Отца своего мама почти не помнила, а когда была подростком, трагически погибла её мать, потом умерла и сестра Мария, которую все очень любили, осталось их две сестры – Елена и Анастасия. Елена была намного старше, имела свою семью, но взяла сестрёнку под опеку. Мама была активной девушкой, любила спорт, хорошо работала, и в 1934 году её премировали путёвкой на рабфак в г. Вятку.

Таким образом, через рабфак прошли оба моих родителя. Он находился на улице Урицкого.

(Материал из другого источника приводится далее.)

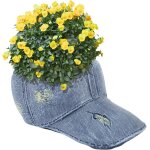 Eryi - pot de fleurs en forme de chapeau de cowboy rétro bleu, pot de fleurs en résine pour décoration ... Eryi - pot de fleurs en forme de chapeau de cowboy rétro bleu, pot de fleurs en résine pour décoration ...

В настоящее время это один из корпусов Кировской сельскохозяйственной академии (Вятская государственная сельскохозяйственная академия. – Прим. ред.), здесь располагаются кафедры и учебные аудитории инженерного факультета.

Когда мама вспоминала об учёбе на рабфаке, первое, о чём она говорила, – это о постоянном чувстве голода. Рассказывала, как радовалась, когда в Киров по делам райпотребсоюза приезжал муж её сестры Елены и привозил мешочек сухарей, или сушёных грибов, или какой-нибудь крупы.

После окончания рабфака маму зачислили на исторический факультет педагогического института. Сказать, что учёба давалась ей легко, нельзя. Сказывался всё-таки недостаток общего образования, но совмещая учёбу с общественной работой, с занятиями спортом, она успешно переходила с курса на курс. Мама хорошо бегала на лыжах, очень хорошо стреляла, прыгала с парашютом. Не знаю, за это или за всё вместе, профком института премировал её в 1936 году бесплатной путёвкой в Крым, в Симеиз. В нашем семейном архиве хранятся две фотографии: первая 1936 года – мать, купающаяся в море, и вторая 1938 года – отец на берегу моря в Гурзуфе (тоже по бесплатной путёвке).

В это время вокруг отца крутилось много записных красавиц. Внешность мамы не была заметной, хотя на институтских фотографиях ей не откажешь в некотором шарме и миловидности. Что именно привлекло отца в маме, не знаю, но 5 августа 1939 года они поженились. После окончания института папу пригласили работать ассистентом на кафедру истории СССР КГПИ, а маму взяли на работу в библиотечный техникум.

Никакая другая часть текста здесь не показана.